До Киева было пять тысяч километров. В Аральске отец разбогател, купив за бесценок мешок соли. В Саратове продал его за пять тысяч и приобрел простреленную солдатскую шинель, а на сдачу — первое за всю войну пирожное: эклер с заварным кремом. Он вспоминал о нем до смерти. Последнюю ночь пути отец проделал на подножке поезда, привязавшись ремнем к поручням. Паровоз топили плохим углем, и в Киев отец въехал совсем черным от копоти.
На Евбазе он встретил дядю Колю, отходившего от тяжелой раны. Они зажили вдвоем, кормясь исключительно семечками. Пол был по колено засыпан шелухой, на ней и спали, подложив все ту же шинель.
Вскоре, однако, отец открыл успешный бизнес — торговлю кремниевыми камешками для зажигалок. Большие спекулянты продавали их оптом маленьким. Камешки были двух сортов. Отечественные быстро стирались, канадских хватало надолго. Чтобы убедить покупателей, отец, демонстрируя твердость камня, сжимал кремень зубами. Иногда изо рта сыпались искры. Готовясь к вступительным экзаменам, отец стоял на Евбазе с учебником физики. Дело шло, и вскоре отец приоделся по военной моде — в галифе и папаху.
Когда он умер, его школьный товарищ, тоже перебравшийся в Америку, вспоминал на поминках, как в послевоенном Киеве они отправились в баню. Обогнув толпу, отец спросил у кассира, нужно ли Героям Советского Союза стоять в очереди?
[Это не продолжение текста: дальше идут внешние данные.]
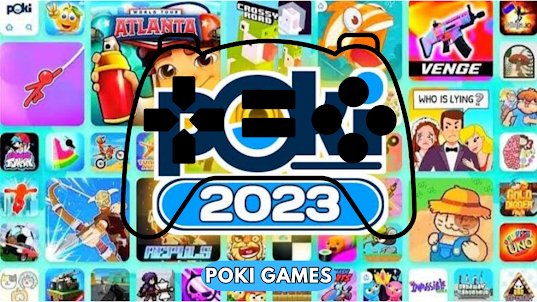 Poki Games APK for Android Download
Следует заметить, что он не причислял себя к ним, а, лавируя между правдой и ложью, всего лишь интересовался правилами. Не удивительно, что Остап Бендер всегда был его любимым героем.
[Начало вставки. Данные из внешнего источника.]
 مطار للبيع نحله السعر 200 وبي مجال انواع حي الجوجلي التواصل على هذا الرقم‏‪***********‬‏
Сдав экзамены, включая, к собственному удивлению, французский, который он учил два часа, отец поступил в тот же институт, который закончил мой дедушка. Самым престижным считался радиотехнический факультет. Отец изучил странные на мой слух предметы, вроде «Усилители низких частот» и «Питающие устройства», у нас дома всегда валялись электронные лампы, но главным его открытием в радиоделе были западные станции. Наслушавшись их, он больше не писал Сталину и сжег выпускавшийся союзниками журнал «Англия», не дожидаясь, пока за ним придут.
Став, как и дедушка, инженером, отец всегда гордился профессией и выпивал 7 мая, в день, когда изобрели радио. В Америке, начав сотрудничать с «Радио Свобода», я присоединился к отцу, хотя для Запада радио придумал не Попов, а Маркони. Я специально ездил на тот пляж Кейп-Кода, откуда он посылал сигнал в Европу, и заодно — марсианам, которые пока не ответили.
Став студентом, отец себе чрезвычайно понравился. Он походил на Маяковского, только в жгучей семитской версии. Добравшийся до высшего образования — первый в семье, где и читали с трудом — отец завел шляпу. Еще не зная толком, что с ней делать, он, изображая интеллигента, ловил отражение в немногих уцелевших на улице Чкалова витринах.
Тут-то он и встретил худую блондинку с зелеными глазами и косичками. Сперва отец даже не узнал в ней ту сокращенную в Алку Ангелину Бузинову, в которую влюбился еще в первом классе. Возобновив знакомство, они перебрались в Ботанический сад — через забор, конечно. Съездив, уже на пенсии, из Америки в Киев, отец нашел и сфотографировал поляну их свиданий. Добром это кончиться не могло, и, едва дождавшись восемнадцати, родители поженились, к великому ужасу моих обеих бабушек.
Отец умер за неделю до 60-й годовщины этой свадьбы. Я уже и цветы купил, но букет пошел на похороны.